So in other words, you do have a low view of it. Meaning you don't believe it to be the inspired Word of God. A "high view", theologically speaking doesn't mean you just have a favorable opinion of it, it means you view it to be no different than Harry Potter, or The Hunger Games novels. You believe it to be just a collection of stories.
Please stop trying to peg me into the little boxes of your imagination.
I've said this time and again on here. The Bible is made up of writings of men trying to explain/reach/understand God, in addition to the history of a specific culture in a specific time that sought God and defined themselves by their approach to God.
In that way they are different from Harry Potter or the Hunger Games, whose authors never intended them to be anything but entertainment. Those books DO contain truths, though, about human nature, which is why they were so popular (I have not read any of them, and I only saw one Harry Potter movie, but I know the gist of what they are about.)

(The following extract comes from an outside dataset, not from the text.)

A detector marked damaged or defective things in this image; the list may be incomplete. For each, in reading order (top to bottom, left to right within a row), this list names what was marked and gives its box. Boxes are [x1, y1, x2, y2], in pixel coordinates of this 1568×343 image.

Another way in which such books differ from the Bible is that they are comprehensive, complete, linear stories. The Bible is a collection of poems, cultural histories, poetry, words of prophets, letters, books shaded in code--and the incomplete and contradictory yet intriguing story of someone who said that God is within us all and that caring for one another is the only way to live.
If you claim the same thing Christians claim, then no Christian can say anything to you anyway, that is, if their claim is that God put the laws in every man's heart, you are a law unto yourself. The proof is that the Christian has no law, there is no law that they can hand you to say,'' Keep these laws, do this, or don't do that.''
There is no law for them, why should there be a law for you?
So, Hanni, which is worse: to be lawless or to be unprincipled? Does a man with strong principles need laws to do what is right?